═══ STUDY MATERIAL

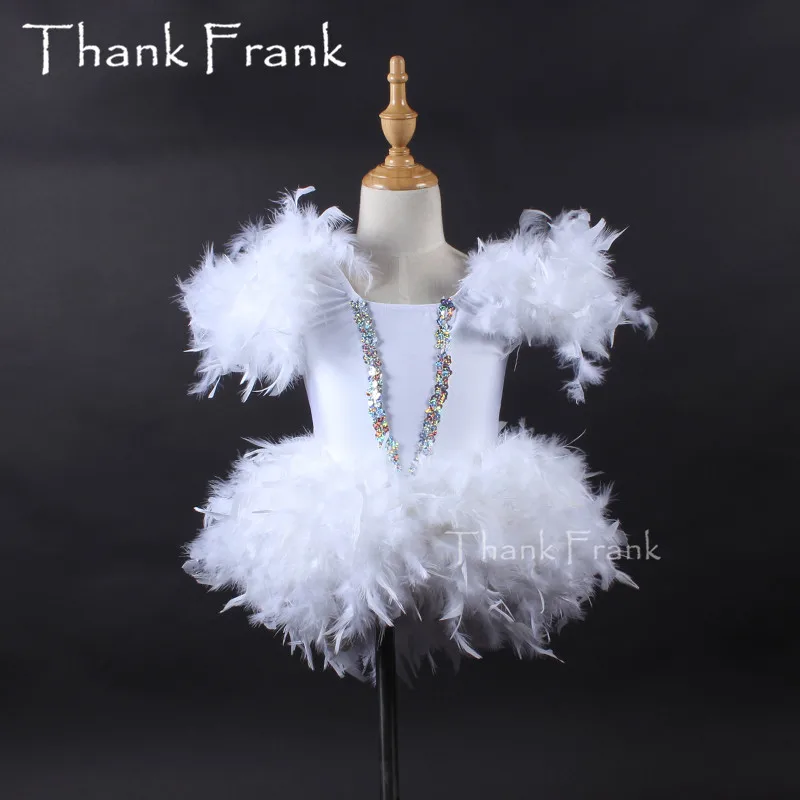 

Girls Feather Latin Dance Dress Women Leotard Dance Dresses Kids Adult White Sequin Latin Dance Costume Children's Bodysuit C509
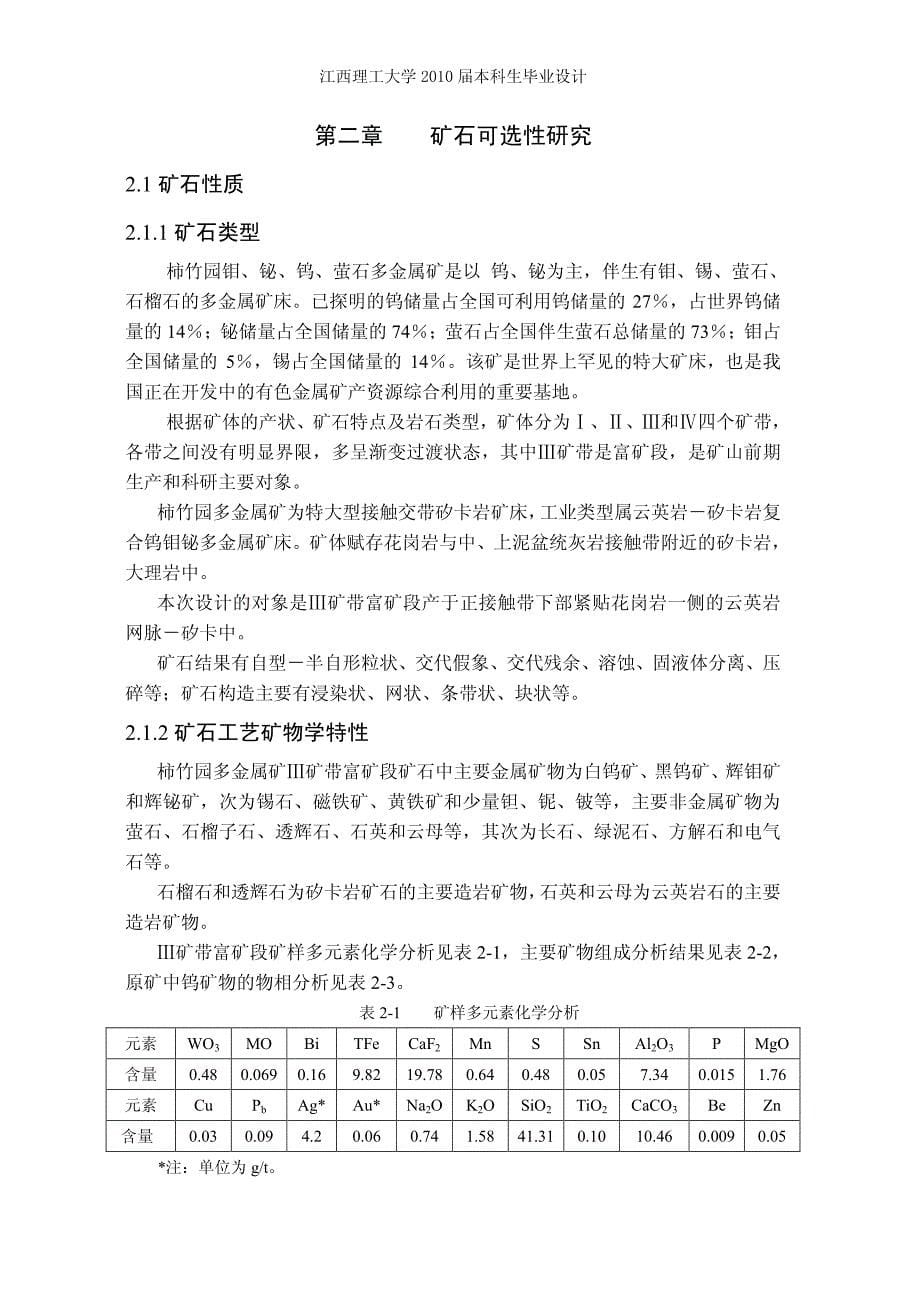 江西理工大学本科生毕业设计资料(陈江安)_第5页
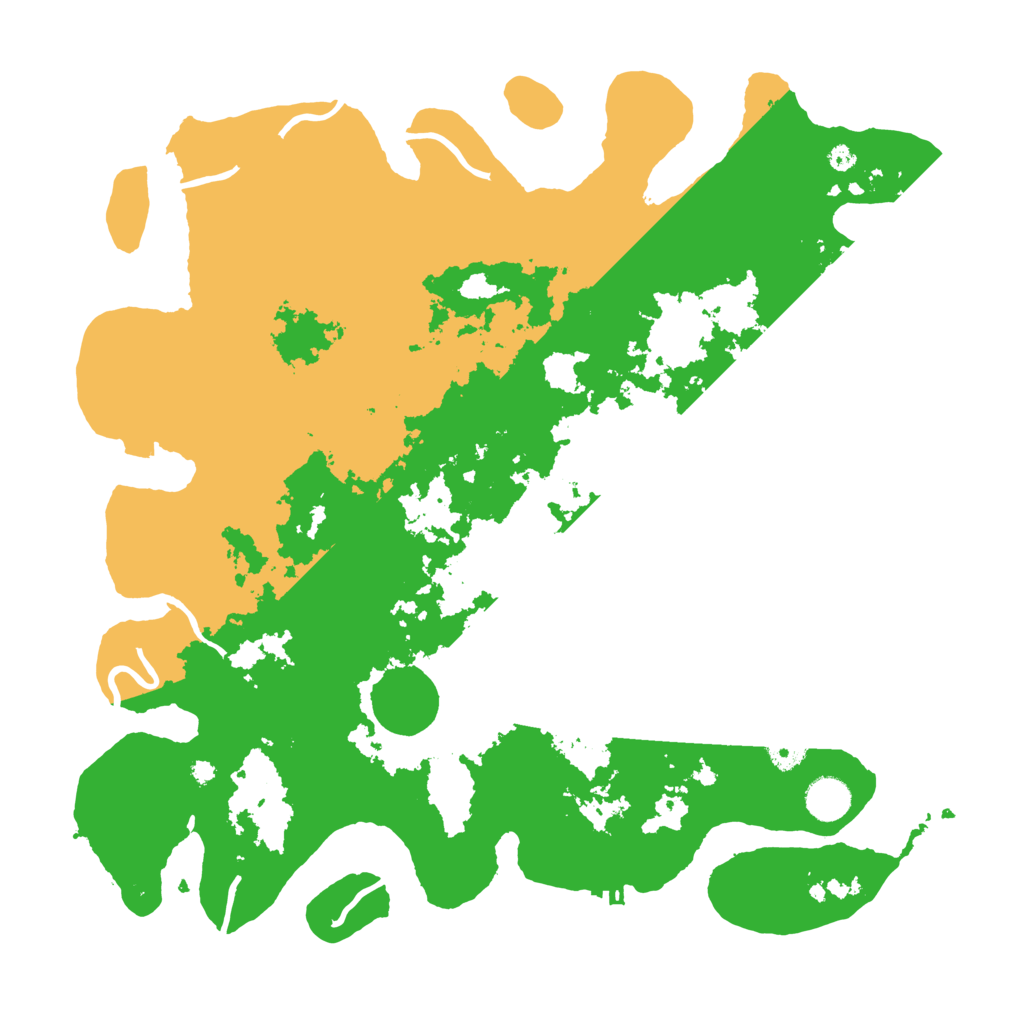 Biome Rust Map: Procedural Map, Size: 4050, Seed: 1352913598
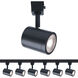 Charge 1 Light 120 Black H Track Fixture Ceiling Light in 6, WAC Limited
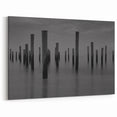 Modern Art Prints – Moody Black & White Minimalist Seascape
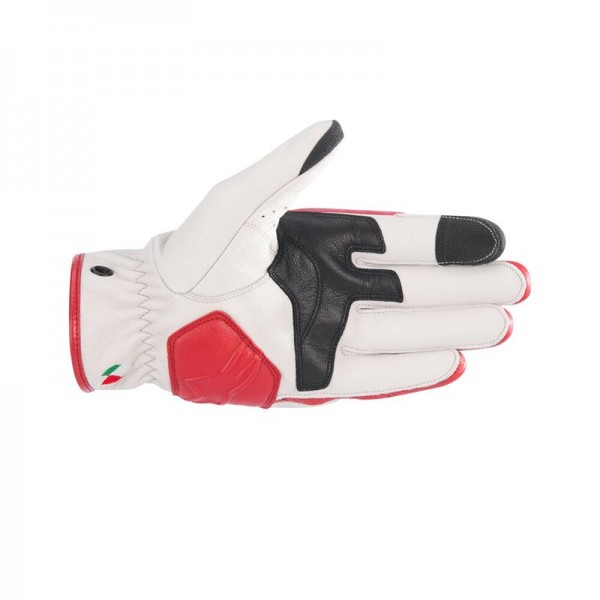 ALPINESTARS DYNO LEATHER WHITE RED GLOVES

══════

**EXERCISE BRIEF**
Leaving out the pictures, please transcribe exactly the lines from the one that holds "Biome Rust Map: Procedural" through the last line of the entries above, both included.

**ANSWER BELOW**
 Biome Rust Map: Procedural Map, Size: 4050, Seed: 1352913598
 Charge 1 Light 120 Black H Track Fixture Ceiling Light in 6, WAC Limited
 Modern Art Prints – Moody Black & White Minimalist Seascape
 ALPINESTARS DYNO LEATHER WHITE RED GLOVES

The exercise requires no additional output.